* Your goal *
Some of the lines below need repeating. Reproduce exactly those between the lines holding "Recipe of the" and "gqf桥梁伸缩缝.jpg", inclusive.

* Entries provided *
=== Section Start ===

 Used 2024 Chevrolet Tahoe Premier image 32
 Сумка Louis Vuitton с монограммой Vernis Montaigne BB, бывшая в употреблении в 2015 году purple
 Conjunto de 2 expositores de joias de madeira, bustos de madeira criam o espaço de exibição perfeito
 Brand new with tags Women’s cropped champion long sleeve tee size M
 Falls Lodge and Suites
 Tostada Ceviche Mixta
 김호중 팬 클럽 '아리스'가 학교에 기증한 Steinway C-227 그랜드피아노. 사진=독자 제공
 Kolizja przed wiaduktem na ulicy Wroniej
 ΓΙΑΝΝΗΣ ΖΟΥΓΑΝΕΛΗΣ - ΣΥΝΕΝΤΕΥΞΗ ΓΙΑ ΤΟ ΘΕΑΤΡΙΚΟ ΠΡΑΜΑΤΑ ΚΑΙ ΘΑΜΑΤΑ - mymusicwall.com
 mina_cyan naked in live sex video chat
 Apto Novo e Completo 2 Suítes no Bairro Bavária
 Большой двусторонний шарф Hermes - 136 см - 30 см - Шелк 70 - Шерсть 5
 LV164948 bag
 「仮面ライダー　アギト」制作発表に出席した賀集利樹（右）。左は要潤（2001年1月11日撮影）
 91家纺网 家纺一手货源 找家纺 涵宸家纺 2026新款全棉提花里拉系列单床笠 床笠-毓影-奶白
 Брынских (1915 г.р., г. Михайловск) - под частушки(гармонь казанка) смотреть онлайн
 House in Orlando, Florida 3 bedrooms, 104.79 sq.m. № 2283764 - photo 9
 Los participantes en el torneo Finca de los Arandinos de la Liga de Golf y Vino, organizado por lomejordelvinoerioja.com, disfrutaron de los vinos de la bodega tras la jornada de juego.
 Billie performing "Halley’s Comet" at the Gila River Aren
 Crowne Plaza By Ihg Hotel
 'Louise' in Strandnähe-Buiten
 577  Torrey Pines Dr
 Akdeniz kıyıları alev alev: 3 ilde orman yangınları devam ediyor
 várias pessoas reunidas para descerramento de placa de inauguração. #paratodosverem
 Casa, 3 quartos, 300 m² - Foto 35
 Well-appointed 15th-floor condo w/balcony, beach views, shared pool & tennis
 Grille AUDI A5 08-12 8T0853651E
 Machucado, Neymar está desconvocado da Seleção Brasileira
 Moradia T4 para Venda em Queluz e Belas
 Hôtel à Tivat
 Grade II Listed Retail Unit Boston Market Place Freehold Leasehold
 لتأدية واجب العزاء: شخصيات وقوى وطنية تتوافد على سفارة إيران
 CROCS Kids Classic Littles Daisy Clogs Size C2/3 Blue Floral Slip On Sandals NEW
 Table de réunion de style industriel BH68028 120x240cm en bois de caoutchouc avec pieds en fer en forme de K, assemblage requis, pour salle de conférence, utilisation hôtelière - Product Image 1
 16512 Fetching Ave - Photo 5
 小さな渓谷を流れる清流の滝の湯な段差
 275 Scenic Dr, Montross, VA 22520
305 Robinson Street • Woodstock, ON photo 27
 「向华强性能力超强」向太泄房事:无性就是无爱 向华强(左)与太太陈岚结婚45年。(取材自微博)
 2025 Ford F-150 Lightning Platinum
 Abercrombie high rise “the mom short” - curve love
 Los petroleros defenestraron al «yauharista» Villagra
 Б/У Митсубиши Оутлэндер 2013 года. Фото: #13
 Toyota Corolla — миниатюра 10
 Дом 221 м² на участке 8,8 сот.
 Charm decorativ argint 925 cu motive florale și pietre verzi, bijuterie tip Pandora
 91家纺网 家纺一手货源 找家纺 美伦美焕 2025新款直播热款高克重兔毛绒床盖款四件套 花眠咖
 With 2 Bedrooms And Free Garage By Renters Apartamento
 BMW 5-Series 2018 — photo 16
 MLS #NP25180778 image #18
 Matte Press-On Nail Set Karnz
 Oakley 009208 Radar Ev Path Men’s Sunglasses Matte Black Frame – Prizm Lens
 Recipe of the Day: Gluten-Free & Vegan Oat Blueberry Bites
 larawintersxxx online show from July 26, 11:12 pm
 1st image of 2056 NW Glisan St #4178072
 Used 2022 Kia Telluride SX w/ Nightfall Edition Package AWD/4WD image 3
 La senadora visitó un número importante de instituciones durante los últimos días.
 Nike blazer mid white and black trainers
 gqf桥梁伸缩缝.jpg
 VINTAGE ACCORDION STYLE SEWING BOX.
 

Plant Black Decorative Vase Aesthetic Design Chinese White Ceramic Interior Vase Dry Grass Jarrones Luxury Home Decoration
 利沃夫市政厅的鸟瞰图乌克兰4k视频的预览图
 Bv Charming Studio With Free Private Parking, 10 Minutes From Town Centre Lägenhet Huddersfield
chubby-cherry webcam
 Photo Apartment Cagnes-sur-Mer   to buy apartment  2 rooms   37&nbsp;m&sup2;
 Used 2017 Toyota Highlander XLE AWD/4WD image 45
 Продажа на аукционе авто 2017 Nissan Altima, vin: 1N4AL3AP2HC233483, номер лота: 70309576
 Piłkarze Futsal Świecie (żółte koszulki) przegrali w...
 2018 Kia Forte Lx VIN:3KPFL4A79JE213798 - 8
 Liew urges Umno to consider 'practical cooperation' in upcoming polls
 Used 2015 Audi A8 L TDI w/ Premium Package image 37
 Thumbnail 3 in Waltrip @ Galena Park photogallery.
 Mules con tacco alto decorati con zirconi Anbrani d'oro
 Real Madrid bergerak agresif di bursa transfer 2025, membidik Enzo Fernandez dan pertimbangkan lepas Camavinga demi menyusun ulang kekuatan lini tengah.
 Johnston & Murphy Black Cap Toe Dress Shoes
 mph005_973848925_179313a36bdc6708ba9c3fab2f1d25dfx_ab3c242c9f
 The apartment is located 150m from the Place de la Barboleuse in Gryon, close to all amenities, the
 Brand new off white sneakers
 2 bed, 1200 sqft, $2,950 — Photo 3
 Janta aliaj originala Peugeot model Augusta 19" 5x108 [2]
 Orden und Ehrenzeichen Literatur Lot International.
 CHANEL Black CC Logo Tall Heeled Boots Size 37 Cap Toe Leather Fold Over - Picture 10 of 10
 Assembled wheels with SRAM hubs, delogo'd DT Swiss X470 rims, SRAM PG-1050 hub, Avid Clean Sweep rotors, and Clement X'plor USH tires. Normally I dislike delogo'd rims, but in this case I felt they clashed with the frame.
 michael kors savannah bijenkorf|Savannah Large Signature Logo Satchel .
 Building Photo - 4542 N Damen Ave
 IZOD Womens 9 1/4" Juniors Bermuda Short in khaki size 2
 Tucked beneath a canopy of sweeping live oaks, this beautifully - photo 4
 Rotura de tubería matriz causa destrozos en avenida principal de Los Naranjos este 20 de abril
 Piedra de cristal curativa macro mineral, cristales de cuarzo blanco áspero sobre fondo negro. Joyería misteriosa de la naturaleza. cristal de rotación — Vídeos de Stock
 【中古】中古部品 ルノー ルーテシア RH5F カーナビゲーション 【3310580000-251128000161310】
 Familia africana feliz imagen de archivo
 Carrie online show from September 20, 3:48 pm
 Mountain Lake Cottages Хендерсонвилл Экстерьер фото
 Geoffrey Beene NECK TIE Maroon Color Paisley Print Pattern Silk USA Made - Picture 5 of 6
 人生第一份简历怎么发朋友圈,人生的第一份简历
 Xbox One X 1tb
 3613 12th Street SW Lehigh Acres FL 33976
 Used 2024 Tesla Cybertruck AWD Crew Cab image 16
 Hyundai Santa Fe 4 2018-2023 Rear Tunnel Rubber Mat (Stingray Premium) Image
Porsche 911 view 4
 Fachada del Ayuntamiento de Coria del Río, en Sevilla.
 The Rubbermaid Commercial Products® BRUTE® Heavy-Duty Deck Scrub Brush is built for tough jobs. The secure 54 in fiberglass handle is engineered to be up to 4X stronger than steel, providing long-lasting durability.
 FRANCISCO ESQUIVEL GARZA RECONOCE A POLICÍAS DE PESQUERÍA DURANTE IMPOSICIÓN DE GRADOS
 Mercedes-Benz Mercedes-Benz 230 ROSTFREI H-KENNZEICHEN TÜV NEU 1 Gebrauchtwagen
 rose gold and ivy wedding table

=== Section End ===

* Solution to the problem *
 Recipe of the Day: Gluten-Free & Vegan Oat Blueberry Bites
 larawintersxxx online show from July 26, 11:12 pm
 1st image of 2056 NW Glisan St #4178072
 Used 2022 Kia Telluride SX w/ Nightfall Edition Package AWD/4WD image 3
 La senadora visitó un número importante de instituciones durante los últimos días.
 Nike blazer mid white and black trainers
 gqf桥梁伸缩缝.jpg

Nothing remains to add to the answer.